License suspension appears to be a bit like a nuclear weapon: The threat posed is ominous, but there are many compelling reasons not to trigger it. Every revoked license removes a teacher from the workforce. And some officials warn that the reputation created by an overly strict approach could backfire by dissuading teachers from applying for work in a district.

Larry Nyland

"If we are too rigorous in protecting the rights of the district, then we run the risk of being perceived as being uncaring and insensitive to legitimate teacher needs," said Larry Nyland, the human-resources director of the 18,000- student Highline schools in Washington state. "So we don't want to be too Draconian and unfair to our teachers, but we also want to be fair to the students and the taxpayers who are expecting a level of quality in the classroom."

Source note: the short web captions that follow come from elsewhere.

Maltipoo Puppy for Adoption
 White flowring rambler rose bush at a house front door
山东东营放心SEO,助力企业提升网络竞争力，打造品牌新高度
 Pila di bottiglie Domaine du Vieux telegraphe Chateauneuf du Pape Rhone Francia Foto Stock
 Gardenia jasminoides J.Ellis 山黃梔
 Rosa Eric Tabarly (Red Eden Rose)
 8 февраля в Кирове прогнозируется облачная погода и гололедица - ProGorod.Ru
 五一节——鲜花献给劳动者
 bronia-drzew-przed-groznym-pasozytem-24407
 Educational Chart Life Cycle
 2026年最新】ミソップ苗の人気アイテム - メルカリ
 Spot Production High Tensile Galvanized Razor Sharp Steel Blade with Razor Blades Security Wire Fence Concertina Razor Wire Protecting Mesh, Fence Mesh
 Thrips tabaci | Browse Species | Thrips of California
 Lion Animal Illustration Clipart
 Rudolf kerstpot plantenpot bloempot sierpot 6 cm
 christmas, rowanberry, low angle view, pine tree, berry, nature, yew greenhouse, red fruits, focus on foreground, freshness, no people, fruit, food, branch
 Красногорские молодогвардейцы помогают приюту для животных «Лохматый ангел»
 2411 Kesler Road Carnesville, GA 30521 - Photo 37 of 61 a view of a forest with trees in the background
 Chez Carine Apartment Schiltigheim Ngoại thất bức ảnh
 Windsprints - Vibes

Mr. Nyland's practice has been to allow teachers to get out of contracts once the district finds a replacement.

But some districts believe that taking tough action sends an important message. The 60,000-student Greenville, S.C., school system made a point this year of ensuring that it didn't lose teachers just before the school year began.

The district's approach was two-fold. It announced in the spring that teachers who gave notice of their departures early enough would continue to receive health benefits until the beginning of August; otherwise, the district would stop them when the school year ended in June. In addition, district administrators made clear that, barring extenuating circumstances, they would take action to suspend the credentials of teachers who departed after July 1.

And Greenville kept its promise, persuading the state to take action against about 20 teachers who left after that deadline. Said G. Pat Mitchell, the district's executive director of human resources: "We felt we had no choice but to put some teeth into the employment arrangement."

'You Can't Teach Anywhere'

Another South Carolina system that has refused to give up its employees lightly is the 3,000- student Jasper County schools, which serve a largely low-income community between the Georgia border and the more affluent Beaufort County, S.C. This year, the Jasper schools filed complaints with the state about six such breaches of contract, including those of Ms. Williams and Mr. Eisloeffel, who both left to work in Beaufort.

Charles Boyken, a lawyer for the Jasper district, said last week he would not discuss the details of the case he plans to make at the state school board hearing this week. "The state law is very clear that, in fact, a school district has an obligation to notify the state whenever a teacher doesn't honor their contract," he said.

But a lawyer representing Ms. Williams and Mr. Eisloeffel countered that both teachers thought they were following the rules when they notified Jasper school officials in late May that they were taking jobs elsewhere.

In fact, though district officials say teachers are supposed to submit such notification by the beginning of May, the lawyer, Deena S. McRackan, contends that the two educators were told by administrators at their schools that they had until June. Although remaining in Beaufort while awaiting their hearing, the teachers' new district changed their status to that of substitute teachers—and reduced their pay accordingly—after hearing they had not been released by their former district.

Regardless of the particulars the two lawyers are to argue over, Ms. McRackan sees a basic point underlying such cases: "What the district is trying to do is to say, 'If you don't teach here, you can't teach anywhere,' which is not going to help anyone."